0.5 Stars  2000/15/70m

“The legend of Quiltface!”

Director: Massimiliano Cerchi / Writers: Massimiliano Cerchi & John Polinia / Cast: Dean Paul, Molinee Dawn, Sean Wing, Melissa Brown, Mike Paulie, Mack Hail.

Body Count: 6

Dire-logue: “My mom says I’m toothily challenged. She says when I get my braces I could be a model.”

If Carnage Road were a physical experience, it would surely be a wisdom tooth extraction with simultaneous rectal surgery. With no anaesthetic. And blind surgeons.

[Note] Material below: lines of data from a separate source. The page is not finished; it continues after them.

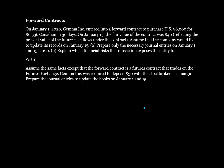Here we will look at the accounting for forward contracts. On January 1, 2020, GEMA Inc. entered into a forward contract to purchase US$6,000 for $6,336 Canadian in 30 days. On January 15, the fair value of the contract was $40, reflecting the present value of the future cash flows under the contract. Assume that the company would like to update its records on January 15. Prepare only the necessary journal entries on January 1 and January 15.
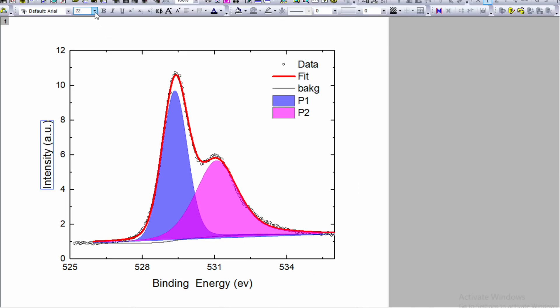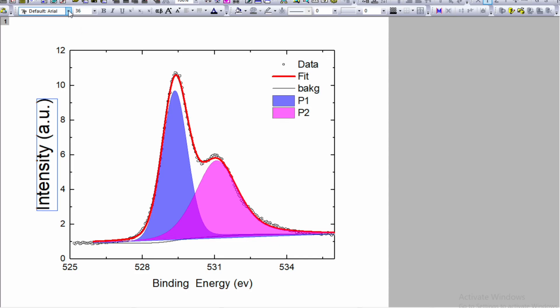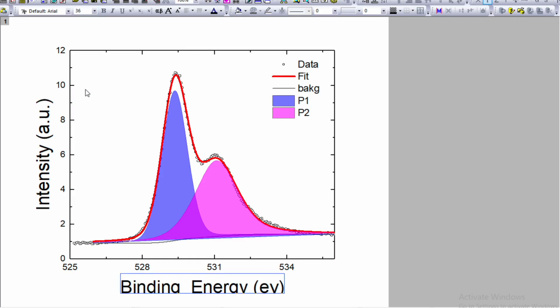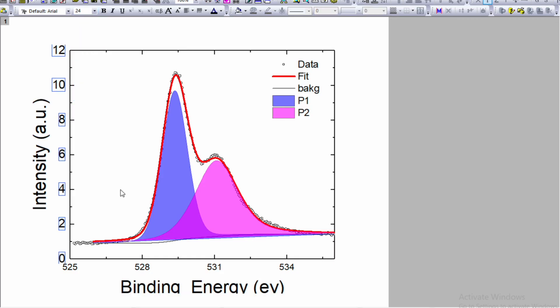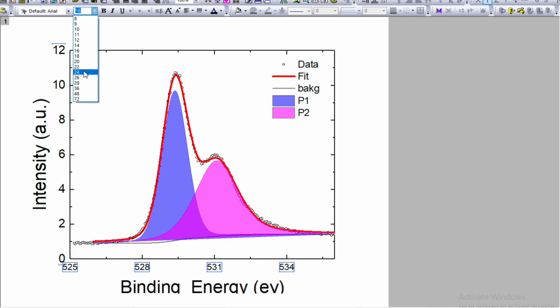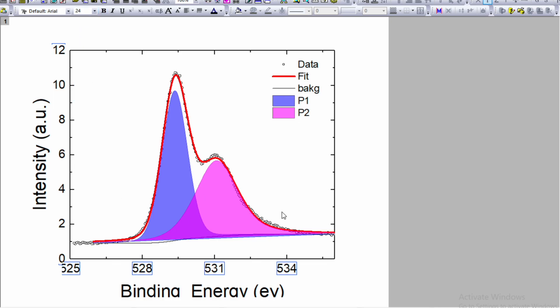Select this one, change font size to say 36. Similarly for binding energy, select the text and change font size to 36. Select the scale and change font size to 24. Similarly for binding energy, that is x axis, change to 24.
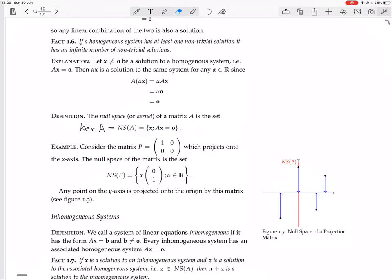If A were just a number — say it was 3 — then there would be only one thing it sends to 0: only the number 0. So the null space would just contain 0. But in general, a matrix could send many different vectors to the zero vector. They're going to give us an example of this. Consider the matrix P — and the P probably stands for projection.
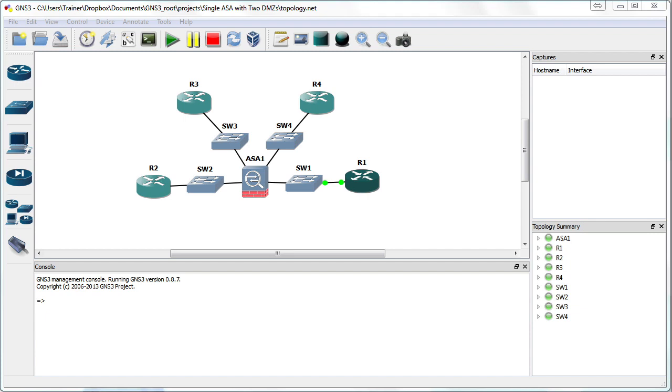So to learn about these traffic filtering access control lists, we turn once again to our dear friend, GNS3.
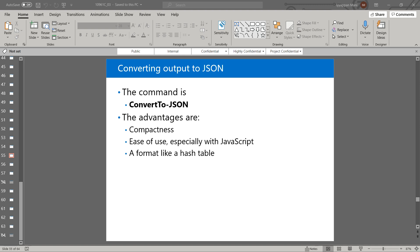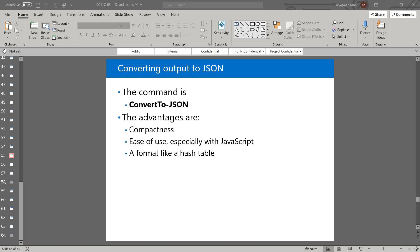Next, converting output to JSON format. JSON is another lightweight and increasingly popular data format, very popular in web application development because of its compact size and flexibility. In Windows PowerShell we can create JSON-formatted data using the convertto-json command. JSON does not have an export command like previous formats, so we have to use out-file or one of the text redirection operators to send JSON data to a file. The JSON format represents data in name-value pairs that look like and work like a hash table.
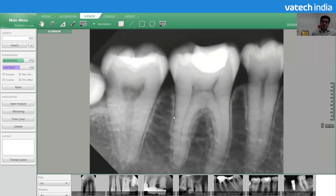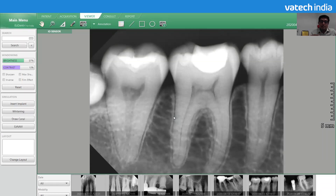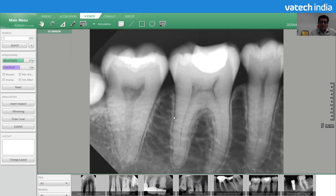For intra-oral X-ray images, if you don't have a known object, use the sensor-based calibration method. Remember: intra-oral X-ray images should be calibrated separately. Each X-ray image must be calibrated before taking a measurement — calibrating one image does not calibrate another. Follow this practice on every image if you want correct measurements.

For this is truly painful viewing at its most antagonistically awful.

What scraps of story there are concern a quartet of photography students who need some extra credit, which shouldn’t be a surprise as, between them, they have only one camera, which looks like it was issued in the 50s. They drive out to the desert but end up just taking commemorative shots of one another stood in front of bits of junk and sand. A+

The driver of their minivan warns them of a local maniac known as Quiltface – Eiderdownhead was already taken – and they all laugh at him, but not before a phenomenal shot where said killer is stood approximately ten feet away from the group in broad daylight with nothing in between them and they still fail to notice… When they finally do realise he’s stalking them, they jog away at snail’s pace until one girl falls over and sits there until he can catch up and struggle with her! Another one dies from an inch-deep cut to the hip.

The only trace of originality in Carnage Road is that elects a final boy, one who miraculously survived a machete blow to the head earlier in a film where a small cut to your hip can be fatal. He spends the final twenty minutes squealing in a high-pitched voice before the predictable closing. Worse than The Bagman? Mmm…could be!

Blurb-of-shame: Mack Hail directed and starred in Mr Ice Cream Man and Switch Killer.


catcherTHE CATCHER

0.5 Stars  1998/18/77m

“Three strikes you’re dead!”

Directors / Writers: Yvette Hoffman & Guy Crawford / Cast: David Heavener, Monique Parent, Joe Estevez, Sean Dillingham, Lesslie Garrett, Paul Moncrief, James Patterson, Harley Harkins, Jeff Sorenson, Mike Kepple.

Body Count: 9

A baseball slasher flick sounds interesting, right? Fool! Think again. A young boy beats his nasty dad to death with a baseball bat and, X years later after the last game of the season, a catcher-masked psycho starts to off the members of the losing team.

The weirdest element of this cheapo film is that it sets itself up to be a mystery and then bows out with ‘and the legends were TRUE, Johnny MacIntosh did come back for revenge!’ Estevez is the dead-dad who appears only to him to spur on his killing.

A godawful cast and some of the worst editing going contribute additional nails to the coffin of this film, which also features a bizarre butt-fuck metaphor with a guy taped to a table while the killer literally shoves a bat up his arse! The characters are so dumb they surrender their weapons to try and reason with the zombie-like killer and considering their profession, can anyone run slower than these folks and why is their blood black!?

Blurb-of-shame: Joe Estevez was also in Sigma Die!Scar and Axe Giant.


funnymanFUNNY MAN

0.5 Stars  1994/18/89m

“A cut above the rest.”

Director / Writer: Simon Sprackling / Cast: Tim James, Benny Young, Christopher Lee, Matthew Devitt, Pauline Black, Ingrid Lacey, Rhona Cameron, Chris Walker, George Morton.

Body Count: 8

Christopher Lee – what the fuck is he doing here? – loses his eerie mansion to a selfish record company producer in a poker game. He moves his family in and they manage to summon up a jester-demon who toys with and tears them apart before a group of freaky hitchhikers stop by.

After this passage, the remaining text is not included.